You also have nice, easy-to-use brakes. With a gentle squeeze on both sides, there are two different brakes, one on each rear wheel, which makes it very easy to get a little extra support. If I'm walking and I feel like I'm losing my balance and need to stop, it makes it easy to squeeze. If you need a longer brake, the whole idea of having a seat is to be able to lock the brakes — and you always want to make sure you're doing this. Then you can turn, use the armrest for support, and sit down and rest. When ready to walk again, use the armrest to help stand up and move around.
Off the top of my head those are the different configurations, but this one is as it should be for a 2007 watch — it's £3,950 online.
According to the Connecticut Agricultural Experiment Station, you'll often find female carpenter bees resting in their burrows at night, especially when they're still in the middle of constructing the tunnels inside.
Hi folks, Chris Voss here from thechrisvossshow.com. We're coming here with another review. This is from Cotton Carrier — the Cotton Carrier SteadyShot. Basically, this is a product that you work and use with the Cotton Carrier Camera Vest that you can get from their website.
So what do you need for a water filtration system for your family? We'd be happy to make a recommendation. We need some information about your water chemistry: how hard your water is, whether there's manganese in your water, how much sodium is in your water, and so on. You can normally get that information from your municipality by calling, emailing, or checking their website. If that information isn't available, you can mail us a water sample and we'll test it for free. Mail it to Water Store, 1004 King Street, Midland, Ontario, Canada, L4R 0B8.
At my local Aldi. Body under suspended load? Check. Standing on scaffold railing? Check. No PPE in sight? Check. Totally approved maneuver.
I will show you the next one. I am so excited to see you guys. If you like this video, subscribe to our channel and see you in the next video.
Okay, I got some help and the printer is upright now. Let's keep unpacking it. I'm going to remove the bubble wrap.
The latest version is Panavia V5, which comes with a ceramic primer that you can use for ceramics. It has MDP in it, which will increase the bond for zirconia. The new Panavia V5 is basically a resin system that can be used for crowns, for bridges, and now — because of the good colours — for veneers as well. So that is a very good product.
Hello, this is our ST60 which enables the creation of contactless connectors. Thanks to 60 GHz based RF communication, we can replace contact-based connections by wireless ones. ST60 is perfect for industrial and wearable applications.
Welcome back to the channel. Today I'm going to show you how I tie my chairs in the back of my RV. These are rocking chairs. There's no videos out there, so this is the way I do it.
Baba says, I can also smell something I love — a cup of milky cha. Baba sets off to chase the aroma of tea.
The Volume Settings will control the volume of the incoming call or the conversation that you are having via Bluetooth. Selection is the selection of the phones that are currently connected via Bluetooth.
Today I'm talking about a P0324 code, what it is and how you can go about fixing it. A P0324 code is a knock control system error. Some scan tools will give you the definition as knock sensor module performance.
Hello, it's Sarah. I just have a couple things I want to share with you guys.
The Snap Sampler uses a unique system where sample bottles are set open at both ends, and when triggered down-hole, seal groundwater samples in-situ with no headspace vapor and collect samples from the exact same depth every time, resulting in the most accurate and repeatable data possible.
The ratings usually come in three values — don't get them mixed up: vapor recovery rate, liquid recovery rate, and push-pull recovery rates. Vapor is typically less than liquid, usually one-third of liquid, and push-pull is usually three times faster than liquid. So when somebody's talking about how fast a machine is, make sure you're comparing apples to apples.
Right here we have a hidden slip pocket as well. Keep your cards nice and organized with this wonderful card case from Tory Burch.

◆ ◆ ◆ ◆ ◆ ◆ ◆

» **What is required**:
In the listing above, find the line with "The Volume Settings" and the line with "Today I'm talking", then reproduce both and every line between them exactly.

» **Result of the task**:
The Volume Settings will control the volume of the incoming call or the conversation that you are having via Bluetooth. Selection is the selection of the phones that are currently connected via Bluetooth.
Today I'm talking about a P0324 code, what it is and how you can go about fixing it. A P0324 code is a knock control system error. Some scan tools will give you the definition as knock sensor module performance.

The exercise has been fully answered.